チューセメント法というのは脂肪吸引の手術法の一つです。
使い機材はカニューレです。
カニューレとは金属製の管で脂肪を吸引するために利用します。
脂肪吸引する部位の目立たない場所を3~5mm切り開いてプロテクターを装着し、カニューレ挿入に備えて皮膚を保護します。
プロテクターで固定した皮膚の穴からカニューレを挿入して脂肪を吸引するわけなのですが、チューセメント法では脂肪を吸引しやすくするために局部麻酔と止血剤をブレンドして生理食塩水を混合いた液体を注入します。
多くの液体で満たされた脂肪の層は固まっていた脂肪がほぐれて浮かびますので、吸引がしやすくなるというメリットがあるのです。

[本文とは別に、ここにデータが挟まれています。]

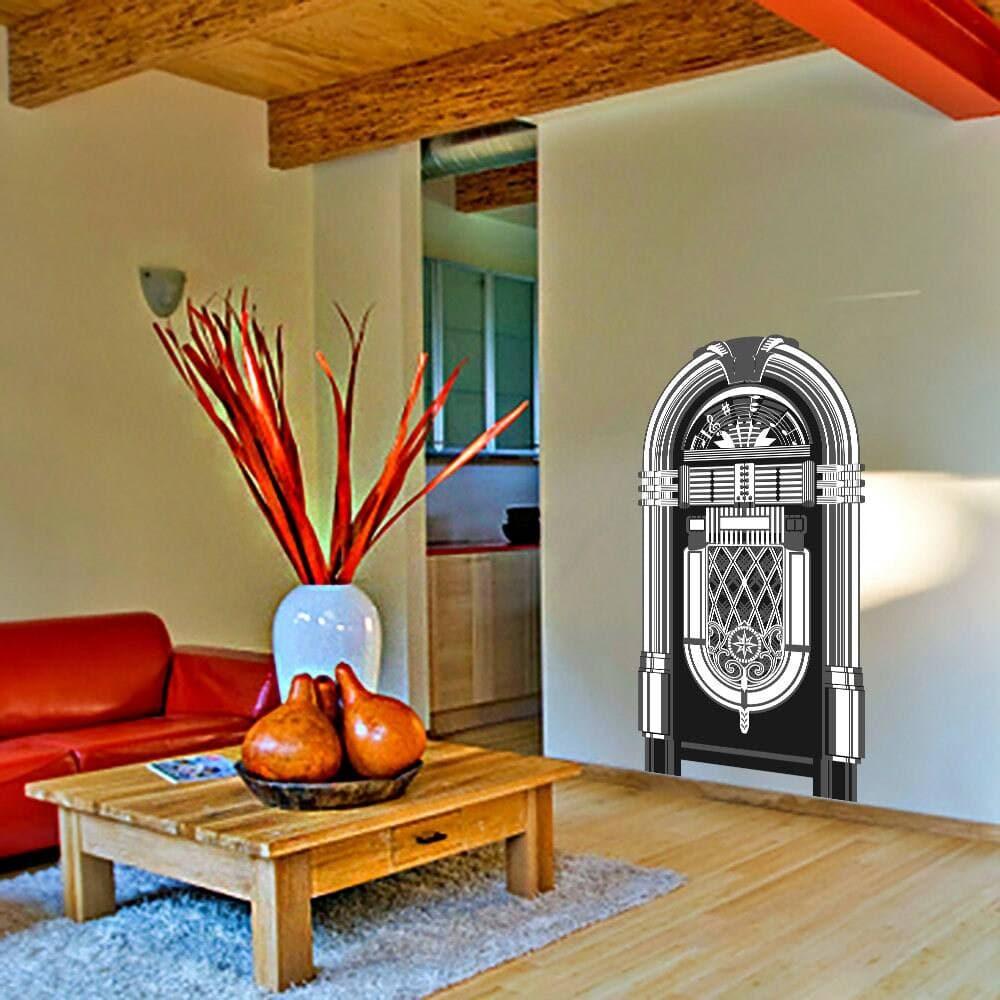 Retro melody vinyl wall decal of a jukebox adding vintage charm to a modern living room decor.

また、止血剤を混合しているために手術後の患部の治癒速度が向上するというメリットもあります。
それだけではなく、通常の手術では脂肪の層と他の組織の層の隙間が少ないために他の組織、例えば神経や筋肉に傷をつけるリスクが高かったのですが、この方法が考え出されてから安全性が増したのです。
このような液体が大量に注入されたら患部がパンパンになって逆効果なのではないかとご心配かもしれませんが、皮膚は伸縮性があるため手術中に混合液を注入したからといって大きな問題が起きることがありませんので、ご安心ください。